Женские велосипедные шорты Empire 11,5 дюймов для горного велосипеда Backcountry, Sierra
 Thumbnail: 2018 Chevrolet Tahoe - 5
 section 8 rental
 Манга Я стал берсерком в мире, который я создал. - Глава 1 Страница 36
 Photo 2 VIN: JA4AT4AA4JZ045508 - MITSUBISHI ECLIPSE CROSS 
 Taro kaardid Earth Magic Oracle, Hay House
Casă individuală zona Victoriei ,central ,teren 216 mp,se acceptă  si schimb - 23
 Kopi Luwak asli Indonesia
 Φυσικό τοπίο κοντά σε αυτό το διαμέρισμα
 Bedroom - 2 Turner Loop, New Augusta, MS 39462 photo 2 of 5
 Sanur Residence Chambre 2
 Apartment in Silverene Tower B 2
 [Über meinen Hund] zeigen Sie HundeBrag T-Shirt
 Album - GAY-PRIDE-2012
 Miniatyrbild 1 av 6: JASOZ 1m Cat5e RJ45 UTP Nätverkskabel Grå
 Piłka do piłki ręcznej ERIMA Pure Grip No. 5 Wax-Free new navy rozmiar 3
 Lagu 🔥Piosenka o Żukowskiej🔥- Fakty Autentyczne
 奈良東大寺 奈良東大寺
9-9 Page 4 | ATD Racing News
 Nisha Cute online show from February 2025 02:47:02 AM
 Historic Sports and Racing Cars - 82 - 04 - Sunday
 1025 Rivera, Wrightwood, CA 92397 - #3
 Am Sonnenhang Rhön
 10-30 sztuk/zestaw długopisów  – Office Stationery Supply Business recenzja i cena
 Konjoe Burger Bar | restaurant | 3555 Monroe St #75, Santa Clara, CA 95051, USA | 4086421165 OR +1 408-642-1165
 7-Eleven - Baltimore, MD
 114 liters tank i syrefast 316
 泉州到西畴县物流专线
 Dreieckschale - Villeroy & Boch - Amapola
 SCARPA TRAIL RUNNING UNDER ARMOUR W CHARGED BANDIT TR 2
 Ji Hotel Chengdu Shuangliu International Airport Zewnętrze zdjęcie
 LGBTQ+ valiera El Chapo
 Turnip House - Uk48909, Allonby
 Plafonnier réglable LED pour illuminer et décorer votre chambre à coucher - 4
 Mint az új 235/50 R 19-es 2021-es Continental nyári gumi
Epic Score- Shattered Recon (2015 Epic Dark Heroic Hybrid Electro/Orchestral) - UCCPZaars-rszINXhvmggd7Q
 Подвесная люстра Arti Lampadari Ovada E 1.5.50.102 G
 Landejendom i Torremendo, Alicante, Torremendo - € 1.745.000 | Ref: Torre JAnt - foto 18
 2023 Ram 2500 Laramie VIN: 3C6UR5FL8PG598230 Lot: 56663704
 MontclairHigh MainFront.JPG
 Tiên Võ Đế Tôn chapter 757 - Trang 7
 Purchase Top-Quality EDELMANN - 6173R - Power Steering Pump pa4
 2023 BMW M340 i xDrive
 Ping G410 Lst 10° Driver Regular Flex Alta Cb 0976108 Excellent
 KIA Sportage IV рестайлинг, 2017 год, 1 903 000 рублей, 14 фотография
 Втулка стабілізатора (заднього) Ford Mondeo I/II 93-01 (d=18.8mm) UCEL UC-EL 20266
————————
Please return only the lines above, starting at the line that has "Turnip House - Uk48909, Allonby" and ending at the line that has "Landejendom i Torremendo, Alicante, Torremendo", keeping both and leaving each one unchanged.

 Turnip House - Uk48909, Allonby
 Plafonnier réglable LED pour illuminer et décorer votre chambre à coucher - 4
 Mint az új 235/50 R 19-es 2021-es Continental nyári gumi
Epic Score- Shattered Recon (2015 Epic Dark Heroic Hybrid Electro/Orchestral) - UCCPZaars-rszINXhvmggd7Q
 Подвесная люстра Arti Lampadari Ovada E 1.5.50.102 G
 Landejendom i Torremendo, Alicante, Torremendo - € 1.745.000 | Ref: Torre JAnt - foto 18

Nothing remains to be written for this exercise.